While it may seem like creating the hottest Broadway musical in, well, forever, would leave you sitting pretty and unperturbed, that isn’t always true. In fact, Lin-Manuel Miranda’s cultural movement that is Hamilton has become so popular that the very idea of snatching up tickets to see it has become sort of a running joke. Those are the hottest tickets in town and people are doing crazy things to take advantage of that, including scalpers. There are always scalpers, but now they are making money off of Broadway and not just concerts and sporting events.

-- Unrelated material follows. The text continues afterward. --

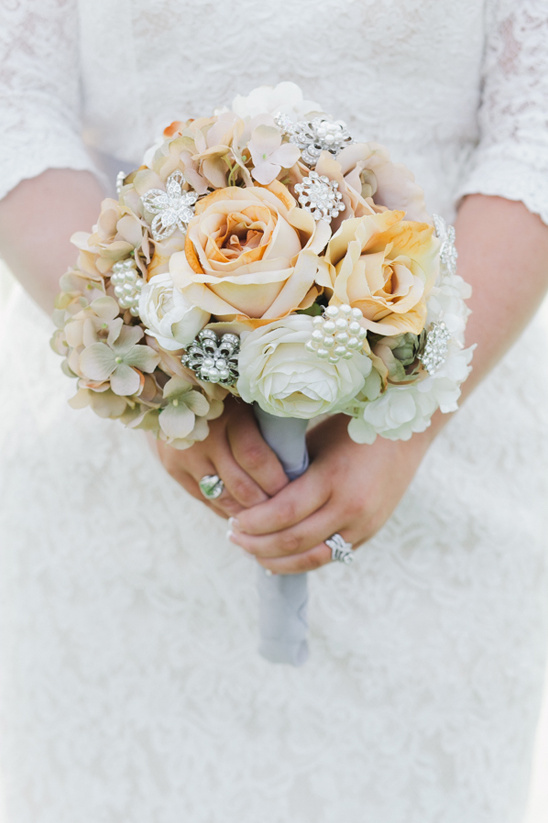 rose and broach bouquet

You see, it’s 2016 and everything is a bit classier in the realm of scalping.
Lin-Manuel Miranda is flexing his newfound cultural muscle in an attempt to shore up this strange gap in legislation that exists, says RollingStone, and he’s doing so with the support of New York senator Chuck Schumer. They’ve teamed up to push for Better On-line Ticket Sales Act of 2016 (also known as The BOTS Act), which looks to add federal restrictions on purchasing online tickets. Ironically enough, the BOTS Act targets scalpers who enlist the aid of “bots” that quickly scoop up tickets when they go on sale to then turn around and sell them at an incredible mark-up. Schumer painted a rather desolate picture of what consumers face thanks to these scalpers.
“If the starting price for a ticket to Hamilton is $189, but the bots have been selling them from anywhere from $600 to $2,000 a ticket – just think how much money the people make.”
This isn’t the first time that Miranda has voiced his frustrations with scalpers, either, with him penning an op-ed in The New York Times earlier this year about how bots were killing Broadway. Their estimates are that over the span of 100 performances of Hamilton that scalpers walked away with over $15.5 million in profits.